* _Assignment_:
Leave the pictures out, and transcribe the material below exactly from the line with "Jeometri Manila Metal" to the line with "Amazonit-Armband (elastisch) in", both lines included.
━━━━━━━━━━━━━━━━
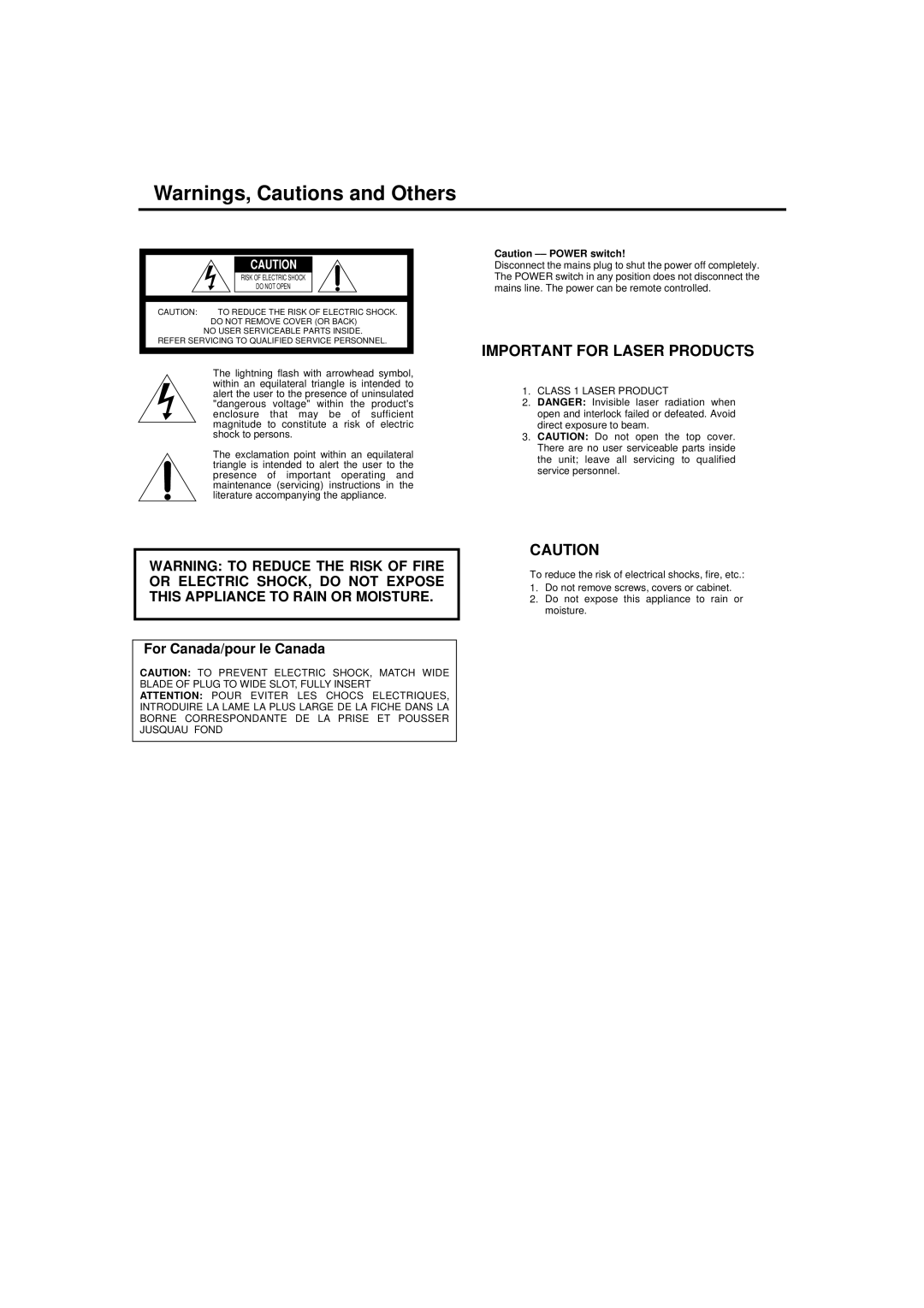 JVC SP-D302 manual Important for Laser Products 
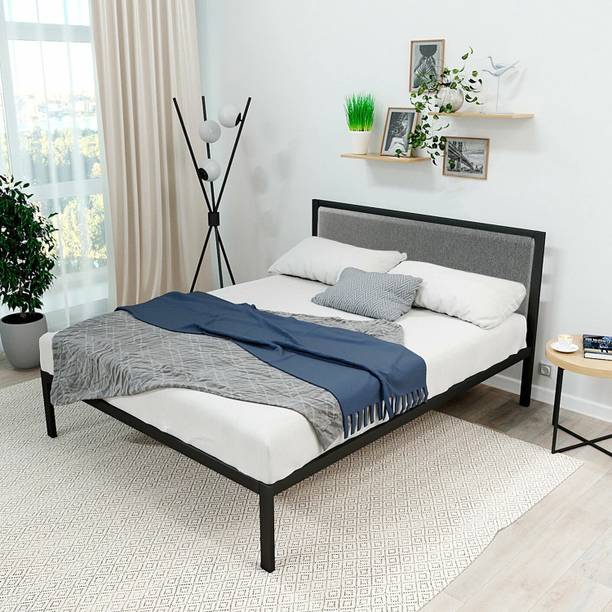 Jeometri Manila Metal Bed With Upholstered Headboard & Wooden Slats | 3 Years Warranty Metal Queen Bed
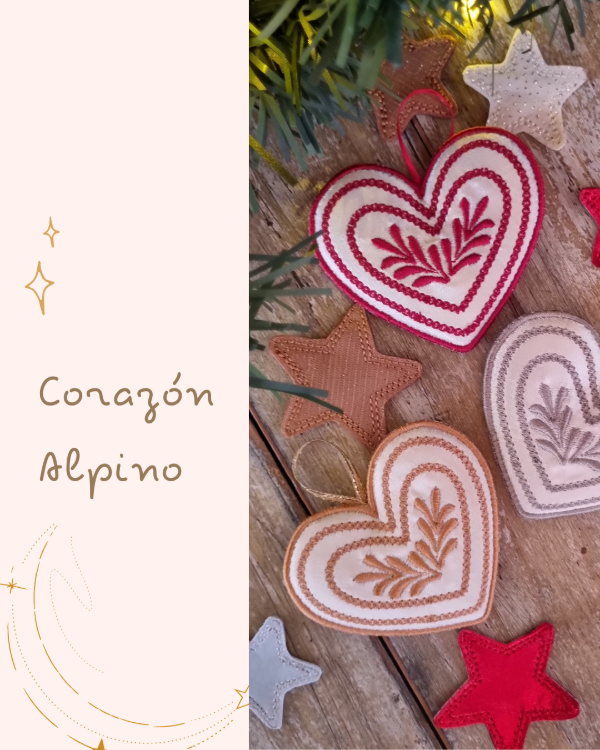 Producto - Navidad 2025 - Deco Navideña en tela - "Corazón Alpino"
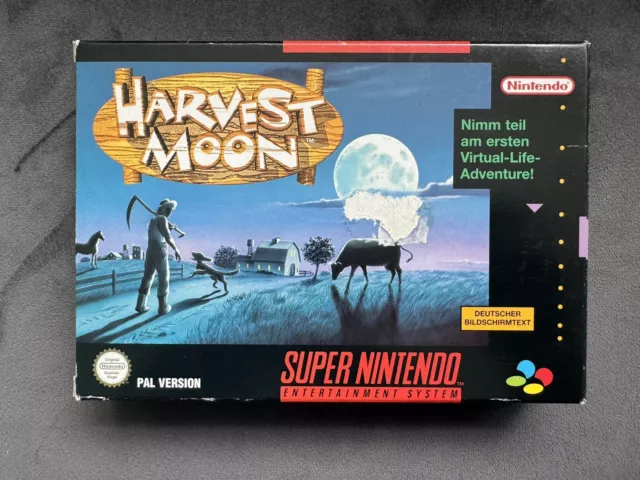 SNES Super Nintendo Harvest Moon Pal Rare NOE Complete CIB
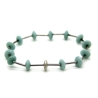 Amazonit-Armband (elastisch) in Mint mit silberfarbenen Elementen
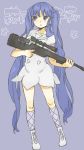  blue_hair boots gun long_hair rifle sailor_uniform school_uniform serafuku twintails weapon yukke zaregoto_series 
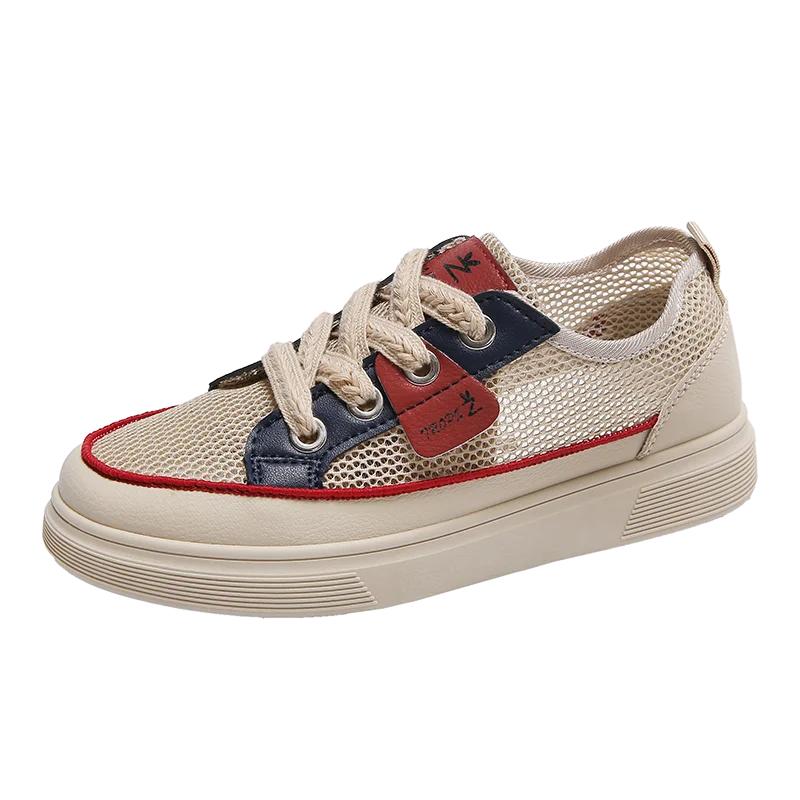 Модная женская обувь 2024 года, женская обувь из вулканизированной кожи на шнуровке, осенняя, разноцветная, дышащая, сетчатая, на платформе, повседневная, удобная, спортивная обувь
━━━━━━━━━━━━━━━━
* _Your response_:
 Jeometri Manila Metal Bed With Upholstered Headboard & Wooden Slats | 3 Years Warranty Metal Queen Bed
 Producto - Navidad 2025 - Deco Navideña en tela - "Corazón Alpino"
 SNES Super Nintendo Harvest Moon Pal Rare NOE Complete CIB
 Amazonit-Armband (elastisch) in Mint mit silberfarbenen Elementen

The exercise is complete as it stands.